But sometimes my love of looking up recipes outfoxes me. Case in point: Birthday Cupcakes for Kyndall's 4th. Last year for her 3rd (traditional party in the park) I found a really great recipe for white "graduation" cupcakes. They were easy to make and of delicious texture and flavor and tasted great with cream cheese frosting. But this year I chose the "theme" and because her current interests are mud pies and bugs, I thought chocolate cupcakes with buttercream frosting (sister Kallie doesn't care for cream cheese !) to showcase the precious caterpillars, ants and spiders that would top them. See, mud pies and bugs. This is where it went bad. I "searched" for "chocolate cupcakes" recipes and chose one that sounded sound. It had six squares of semi-sweet chocolate included and other normal cake stuff. I made them. I painstakingly (and if you know how crafty I am not, you get the "pain" part) created bugs by drawing legs and antennae with melted chocolate and bodies and heads of M&M's. See photo somewhere on this page. They turned out pretty durn cute. Guess what? The cake was awful. It was dry. It was chalkily chocolate. The were photographed, bitten into and put down. I threw most of them in the trash can at the park.

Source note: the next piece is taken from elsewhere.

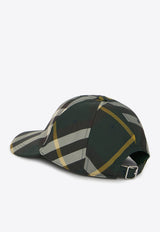 Burberry Check Print Baseball Cap Multicolor 8082669--B8636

I'm just writing this so I will read it in early April next year and return to some tried and true cake recipe for our annual Happy Spring/Honor Grandma/Kyndall's Party at Washington on the Brazos State Park.

But, on a brighter note, the recipe I downloaded for "Creamy Chicken Pot Pie" that uses rotisserie chicken, corn chowder, corn and peas and a puff pastry crust turned out just fabulous and was a solid hit at the potluck lunch at church today.

So my cure is not on the horizon.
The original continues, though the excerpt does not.